▶ Excerpted records:
· · · · ·
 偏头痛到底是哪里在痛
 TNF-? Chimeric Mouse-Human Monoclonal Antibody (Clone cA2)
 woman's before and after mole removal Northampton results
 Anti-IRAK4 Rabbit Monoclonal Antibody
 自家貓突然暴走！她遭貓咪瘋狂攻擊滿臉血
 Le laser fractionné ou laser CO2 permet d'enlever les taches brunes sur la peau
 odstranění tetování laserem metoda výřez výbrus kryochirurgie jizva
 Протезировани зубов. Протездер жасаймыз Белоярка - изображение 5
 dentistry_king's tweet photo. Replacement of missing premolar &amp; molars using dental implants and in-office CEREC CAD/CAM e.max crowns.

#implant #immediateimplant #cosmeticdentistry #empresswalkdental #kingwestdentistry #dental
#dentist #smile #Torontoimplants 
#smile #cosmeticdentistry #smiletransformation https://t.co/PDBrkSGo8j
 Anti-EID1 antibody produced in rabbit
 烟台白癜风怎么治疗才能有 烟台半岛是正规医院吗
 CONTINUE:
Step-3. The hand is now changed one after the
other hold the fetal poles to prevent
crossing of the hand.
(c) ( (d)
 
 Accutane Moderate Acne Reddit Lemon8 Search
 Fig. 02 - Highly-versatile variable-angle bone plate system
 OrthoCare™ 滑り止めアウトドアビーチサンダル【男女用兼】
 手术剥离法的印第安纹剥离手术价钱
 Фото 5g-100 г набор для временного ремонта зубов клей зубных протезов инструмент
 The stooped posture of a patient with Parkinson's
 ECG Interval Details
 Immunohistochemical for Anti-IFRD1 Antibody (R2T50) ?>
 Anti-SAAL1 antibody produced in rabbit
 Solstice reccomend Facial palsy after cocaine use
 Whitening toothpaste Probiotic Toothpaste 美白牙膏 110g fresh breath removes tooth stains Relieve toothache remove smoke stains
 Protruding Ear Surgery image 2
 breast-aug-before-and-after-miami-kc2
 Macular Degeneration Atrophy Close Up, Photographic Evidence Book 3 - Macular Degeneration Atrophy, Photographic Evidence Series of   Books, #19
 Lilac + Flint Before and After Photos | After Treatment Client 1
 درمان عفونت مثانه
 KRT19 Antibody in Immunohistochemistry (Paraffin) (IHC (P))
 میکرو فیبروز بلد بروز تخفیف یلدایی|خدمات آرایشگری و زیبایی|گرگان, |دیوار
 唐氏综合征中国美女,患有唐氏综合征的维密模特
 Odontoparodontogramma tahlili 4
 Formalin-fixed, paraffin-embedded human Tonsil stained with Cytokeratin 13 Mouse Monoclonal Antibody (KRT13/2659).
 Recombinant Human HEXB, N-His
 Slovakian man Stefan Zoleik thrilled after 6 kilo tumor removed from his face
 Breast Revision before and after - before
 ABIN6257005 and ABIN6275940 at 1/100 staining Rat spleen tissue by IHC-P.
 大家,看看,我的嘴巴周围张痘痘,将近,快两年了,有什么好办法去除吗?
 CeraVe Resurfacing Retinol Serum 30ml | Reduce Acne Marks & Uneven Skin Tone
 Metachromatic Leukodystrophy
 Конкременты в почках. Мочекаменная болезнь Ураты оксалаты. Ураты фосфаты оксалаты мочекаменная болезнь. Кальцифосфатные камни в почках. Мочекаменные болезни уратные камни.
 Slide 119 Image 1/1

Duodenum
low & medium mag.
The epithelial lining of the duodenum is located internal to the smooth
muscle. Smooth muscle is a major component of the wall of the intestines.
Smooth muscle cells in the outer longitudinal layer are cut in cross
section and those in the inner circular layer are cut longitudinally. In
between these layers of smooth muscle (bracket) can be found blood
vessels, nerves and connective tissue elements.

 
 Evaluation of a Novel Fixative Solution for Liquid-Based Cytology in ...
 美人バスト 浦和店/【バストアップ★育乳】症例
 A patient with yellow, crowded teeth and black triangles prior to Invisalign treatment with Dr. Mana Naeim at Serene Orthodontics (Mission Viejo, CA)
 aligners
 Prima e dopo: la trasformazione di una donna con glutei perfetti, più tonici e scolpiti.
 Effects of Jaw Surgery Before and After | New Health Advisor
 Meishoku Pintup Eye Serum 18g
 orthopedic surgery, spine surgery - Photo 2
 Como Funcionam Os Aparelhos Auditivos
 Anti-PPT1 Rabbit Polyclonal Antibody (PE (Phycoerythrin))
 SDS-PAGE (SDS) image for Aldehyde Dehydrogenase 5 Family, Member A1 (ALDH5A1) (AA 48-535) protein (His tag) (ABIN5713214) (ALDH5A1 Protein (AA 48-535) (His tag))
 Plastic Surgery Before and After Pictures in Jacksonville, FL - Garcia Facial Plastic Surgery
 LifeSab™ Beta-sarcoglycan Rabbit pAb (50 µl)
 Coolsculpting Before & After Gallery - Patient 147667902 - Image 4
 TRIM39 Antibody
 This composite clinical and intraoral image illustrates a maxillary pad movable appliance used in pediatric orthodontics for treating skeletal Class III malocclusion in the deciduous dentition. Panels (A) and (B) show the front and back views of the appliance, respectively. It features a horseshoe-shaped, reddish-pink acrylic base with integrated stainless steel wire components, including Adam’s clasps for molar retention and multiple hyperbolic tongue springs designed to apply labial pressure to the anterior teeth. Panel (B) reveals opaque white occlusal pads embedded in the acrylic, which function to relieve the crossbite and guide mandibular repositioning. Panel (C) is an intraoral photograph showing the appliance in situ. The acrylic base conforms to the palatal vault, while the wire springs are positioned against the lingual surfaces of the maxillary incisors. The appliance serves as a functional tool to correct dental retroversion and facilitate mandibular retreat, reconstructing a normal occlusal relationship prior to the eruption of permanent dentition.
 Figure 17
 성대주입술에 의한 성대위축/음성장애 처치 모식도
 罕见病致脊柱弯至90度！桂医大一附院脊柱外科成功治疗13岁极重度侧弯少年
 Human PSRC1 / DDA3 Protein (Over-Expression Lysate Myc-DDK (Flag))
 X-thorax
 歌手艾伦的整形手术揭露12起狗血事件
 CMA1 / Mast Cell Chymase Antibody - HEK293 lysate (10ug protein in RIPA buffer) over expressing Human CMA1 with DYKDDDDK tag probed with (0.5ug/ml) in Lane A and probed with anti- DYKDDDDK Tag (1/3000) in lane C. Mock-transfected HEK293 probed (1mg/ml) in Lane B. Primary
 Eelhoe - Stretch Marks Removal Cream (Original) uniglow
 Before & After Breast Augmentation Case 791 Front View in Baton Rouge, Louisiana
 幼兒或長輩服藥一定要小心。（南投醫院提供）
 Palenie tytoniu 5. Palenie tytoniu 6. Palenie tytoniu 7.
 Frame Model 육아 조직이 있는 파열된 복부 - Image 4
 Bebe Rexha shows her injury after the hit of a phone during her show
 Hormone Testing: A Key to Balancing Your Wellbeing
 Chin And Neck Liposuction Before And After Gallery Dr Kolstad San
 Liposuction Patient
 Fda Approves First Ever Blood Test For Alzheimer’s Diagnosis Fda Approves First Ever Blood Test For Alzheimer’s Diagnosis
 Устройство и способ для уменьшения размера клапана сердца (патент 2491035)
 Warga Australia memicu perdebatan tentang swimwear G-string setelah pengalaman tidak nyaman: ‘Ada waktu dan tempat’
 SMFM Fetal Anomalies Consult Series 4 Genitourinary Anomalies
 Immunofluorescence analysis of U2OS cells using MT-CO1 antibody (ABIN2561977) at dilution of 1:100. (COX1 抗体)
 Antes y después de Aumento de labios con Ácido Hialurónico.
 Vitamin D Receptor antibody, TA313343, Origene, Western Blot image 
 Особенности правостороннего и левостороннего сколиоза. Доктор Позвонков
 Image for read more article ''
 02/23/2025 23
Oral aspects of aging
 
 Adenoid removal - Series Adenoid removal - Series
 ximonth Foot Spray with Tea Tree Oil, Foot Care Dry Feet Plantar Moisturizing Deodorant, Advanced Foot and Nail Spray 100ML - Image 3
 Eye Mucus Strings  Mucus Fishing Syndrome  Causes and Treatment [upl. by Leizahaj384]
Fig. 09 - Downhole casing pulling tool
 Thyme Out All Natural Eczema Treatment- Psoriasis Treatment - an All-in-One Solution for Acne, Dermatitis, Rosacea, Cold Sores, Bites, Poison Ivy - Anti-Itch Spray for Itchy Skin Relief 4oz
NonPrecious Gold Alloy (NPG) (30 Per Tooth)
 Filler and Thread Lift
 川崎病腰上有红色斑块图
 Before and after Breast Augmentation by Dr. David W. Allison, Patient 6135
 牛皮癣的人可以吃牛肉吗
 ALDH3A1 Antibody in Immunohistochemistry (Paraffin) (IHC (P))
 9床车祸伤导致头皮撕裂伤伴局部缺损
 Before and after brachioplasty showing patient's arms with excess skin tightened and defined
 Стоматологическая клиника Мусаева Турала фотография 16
· · · · ·
Give the number of lines above that contain "Gallery", and nothing more.

2